Solution 1: Group Connected Indices

Think of indices (i, j) where Math.abs(nums[i] - nums[j]) <= limit, as an edge in a graph.
A group of indices that are connected to each other by these edges can be sorted in any way.

  1. Group indices into connected groups.
    Sort nums in asc order, split nums into groups where each adjacent pair has a difference <= limit.
  2. For each group, sort both indices and values in asc order.
    Assign the new value in sorted order to each index.

n = length of nums
Time Complexity: O(n log(n))
Space Complexity: O(n)

var lexicographicallySmallestArray = function(nums, limit) {
  let n = nums.length, sorted = nums.map((num, idx) => [num, idx]).sort((a, b) => a[0] - b[0]);
  let groups = [], indices = [];
  for (let i = 0; i <= n; i++) {
    if (i === 0 || i === n || sorted[i][0] - sorted[i - 1][0] > limit) {
      groups.push(indices);
      if (i < n) indices = [sorted[i][1]];
    } else {
      indices.push(sorted[i][1]);
    }
  }
  let res = Array(n);
  for (let indices of groups) {
    let values = [];
    for (let index of indices) {
      values.push(nums[index]);
    }
    values.sort((a, b) => a - b);
    indices.sort((a, b) => a - b);
    for (let i = 0; i < indices.length; i++) {
      res[indices[i]] = values[i];
    }
  }
  return res;
};

Solution 2: Union Find

Use union find to get the connected groups.

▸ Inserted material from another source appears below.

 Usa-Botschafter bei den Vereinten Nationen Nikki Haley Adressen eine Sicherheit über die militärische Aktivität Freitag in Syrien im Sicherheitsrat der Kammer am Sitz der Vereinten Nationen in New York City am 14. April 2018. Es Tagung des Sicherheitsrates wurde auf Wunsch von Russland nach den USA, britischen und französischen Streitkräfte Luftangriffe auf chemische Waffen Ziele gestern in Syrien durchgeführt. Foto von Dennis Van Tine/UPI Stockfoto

  1. Sort the values of nums in asc order and use union find to connect adjacent pairs where the difference <= limit.
  2. Group each index by the union find parent: {parent: [index, index, ...], parent: [index, ...], ...}
  3. For each group of indices, sort the values in asc order and assign the sorted values to the group's indices.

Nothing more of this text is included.